Today, San Miguel has P1.3-trillion assets, P700-billion annual sales, P52 billion in profits in 2016, P436 billion in net worth, and P264 billion in market capitalization or how the stock market values the company.  Ramon Ang estimates the company has an EBITDA (earnings before interest, taxes and depreciation) of $4 billion—basically the cash the company generates from its operations.

This 2017, San Miguel Corp. will record its best year ever, with an unprecedented net income of P60 billion. That will be an increase of 15.4 percent from the previous high of P52 billion posted in 2016, which was a hefty 80 percent jump from P28.99 billion profits in 2015.

The stock market has taken notice of San Miguel’s immense profitability and awesome market power.   SMC’s share price has risen steadily, from a low of P71 per share in May 2016 to a high of P111 in April 2017, valuing the company at P264 billion.  That’s an appreciation of P95 billion or 57 percent in just one year.

Analysts estimate San Miguel has an EBITDA of at least  $4 billion.  “Which company in the Philippines has an EBITDA of $4 billion?” asks Ramon Ang.

Just how much money can you make from SMC? In 1992, the SM Group of Henry Sy Sr. invested $2 million in San Miguel.  In 1998, after six years, Sy cashed in and collected $200 million, 100x his original investment.

San Miguel revenues have been erratic of late.  In 2014, SMC already had revenues of P772.24 billion.  But sales declined to P672.24 billion in 2015, a 12.9 percent drop, only to recover to P685.3 billion in 2016. 

Had crude remained at $100 a barrel (it hit $147 in 2008), SMC would have reached P1-trillion sales long time ago. SMC owns 100 percent of Petron Corp., the country’s largest oil refinery and it contributes P343.84 billion to SMC’s total sales and is potentially a huge moneymaker in the future having just completed a $3 billion modernization.

Ang says Petron is grossly underpriced in the market.  “It is selling at only 8x times EBITDA —[earnings before interest, taxes and depreciation],” he notes.  Petron has an EBITDA margin of 11 percent—almost 40 percent higher than the industry average of 8 percent.

In assessing how good San Miguel is, it is perhaps better to look at its bottomline.  Look at the quality of its management.  Look at its gargantuan projects in the pipeline.  SMC president Ang, 63,  goes to office every day working 15 hours a day.

Ang is extremely bullish about SMC and the economy.   Among his projects in the planning stage or in the pipeline:

1.  A new and larger oil refinery with a capacity of 250,000 barrels per day and manufacturing what he calls aromatics or petrochemicals.  San Miguel will become the biggest producer of plastics products in the Philippines.  Project cost: $15 billion.

2.  A fully integrated steel mill which will produce 20 million tons per year of high grade steel of the series 300 and 400, using chromite and imported high-grade coal and locally sourced iron ore.  Possible location: Quezon.   Possible partner: Foreign.

“We have to produce high-grade stainless steel because that is what the market demands,”  Ang says.  “If you are going to produce just ordinary mine steel, you better stay home.”

3.  A tidal power plant utilizing the movement of ocean tides to produce electricity using underwater turbines.  Initial reports said such a tidal plant will generate 1,200 megawatts of electricity at a cost of $3 million per megawatt or $3.6 billion for San Miguel. 

Of course, SMC continues to pursue its $10-billion new airport project, in Bulacan.

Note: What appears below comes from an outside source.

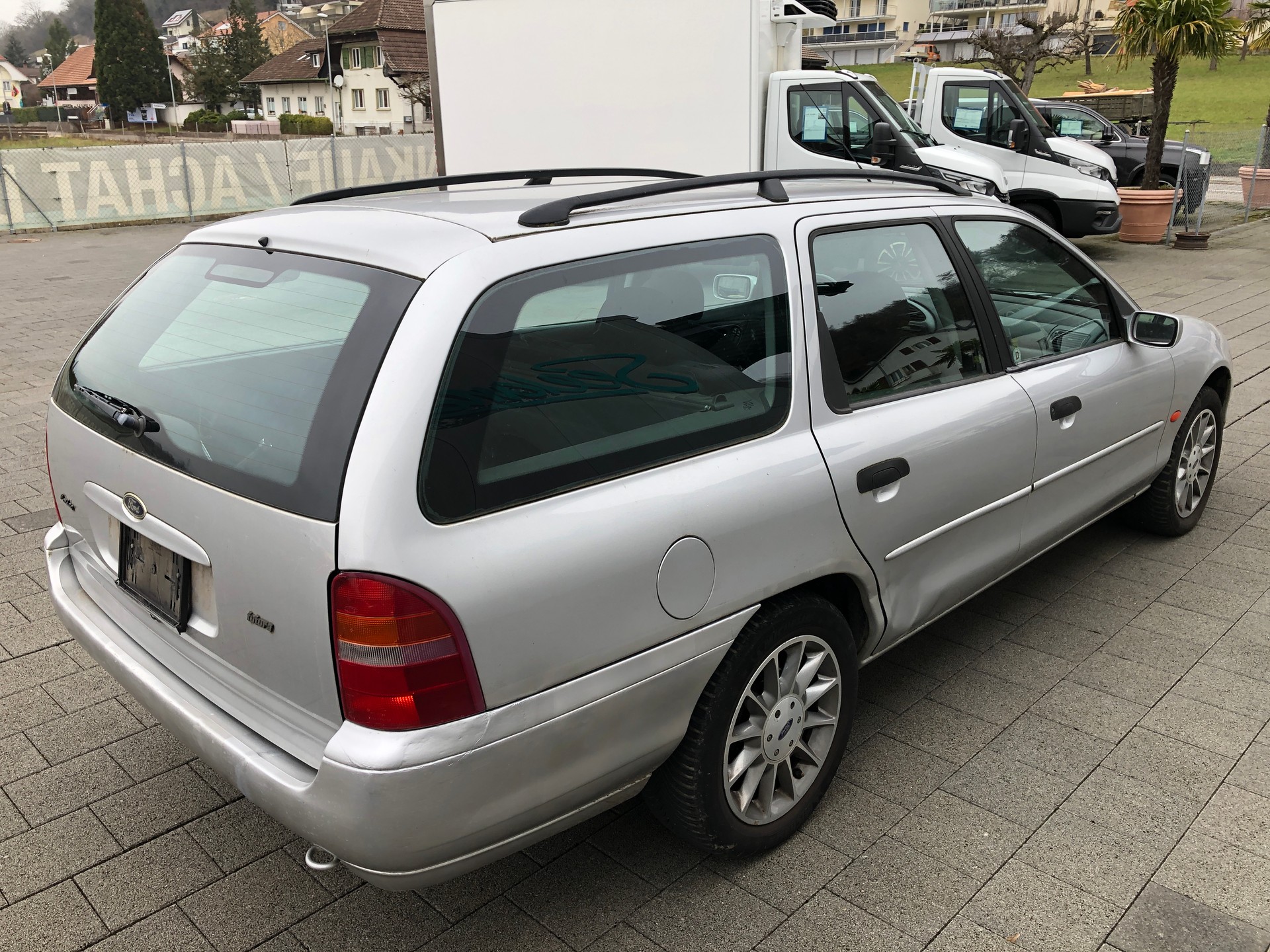 FORD Mondeo 2.0i Trend Futura-image-3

Ang says “I can build an airport anywhere in the Philippines.”

Lately, Ramon has been talking of a tidal electricity capacity as high as 20,000 megawatts of electricity at a cost of $60 billion.   At that capacity, San Miguel will put many power generation companies out of business because SMC has the scale and efficiency to drive cost down.  It is already selling electricity to a number of provinces at an unheard cost of P2.85 per kilowatthour.   The usual retail price of electricity: P12/kwh.

The timetable for the oil refinery, steel mill, and tidal power plants—five years.

Even SMC’s old businesses remain exceptional performers.   Its beer business, founded in 1890, enjoys an EBITDA margin that is the envy of its competitors—46 percent. Beer businesses will less than that margin were recently selling for $20 billion.